How many of these merchants do you remember? You can click on the picture to make it bigger.
Erb Engineering is in the business park. Travel agents have pretty well been replaced by the internet, but Poway Travel is still there. Sizzler's used to be where Cully's was before they got kicked out to make room for an "upscale" restaurant. Cully's is still in town, but Sizzler and the upscale restaurant are not. Ozzie's is another long time Poway business. We bought a violin there when our son was in 4th grade. Later, he took guitar lessons there.

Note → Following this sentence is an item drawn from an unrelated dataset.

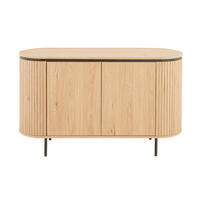 SIDEBOARD mit 2 Türen und seitlichem Rillen-Effekt malaga 120/40/72 cm - Eschefarben, Holzwerkstoff (46/72/40cm) - Calicosy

Whiskey Creek is gone. I never ate there, but I had to drop off a kid from our soccer team there one time. His mom never came to pick him up. So we offered to drive him home, but he said no one was at home and that if we dropped him off at Whiskey Creek, he could find his mom there. Kind of sad. The stationary store hung in there for a while, but I guess it was too hard to compete with big box stores like K-Mart and Wal-Mart.
Remember the iron-on T-shirt craze? I think we bought a couple of them from Shirts-R-U. Rex Trophies is still in Poway. I've got a couple of boxes of trophies they kids left behind. I could change the names on them and open my own shop.
Look at the picture of the "downtown" shopping district on the game board. Now, that is nostalgic. Big canopy trees, old-fashioned GAS sign, extra wide sidewalks, and almost no traffic.
I grew up in a Midwestern town that looked like that. Downtown was really pedestrian friendly.
Poway's commercial areas have always been a collection of strip malls. They were designed for vehicular access, not pedestrians. One thing that might force a change is that in the last couple of years, hundreds of affordable apartments have been built in the area. And likely more will be built. A car-centric downtown is incompatible with an area that is becoming increasingly filled with nearby residents. It will be interesting to see what merchants are still standing in another 20 yrs and just what downtown Poway will look like.
1 comment:
This is great! Glad you hung on to it. In the 1980s there were two honky tonks in town. Whiskey Creek was one, and I bartended at the other. As I recall, before it was Whiskey Creek, it was the Ivanhoe. I recall a similar story where my friend's dad drank their monthly welfare checks at the Ivanhoe.
I kind of remember most of the others. Not much of that Poway left, huh? But when you come home after being gone for 10 or 15 years, it's the hills that you are happiest to see.
And the olive groves, when you can still find them. And the oak trees.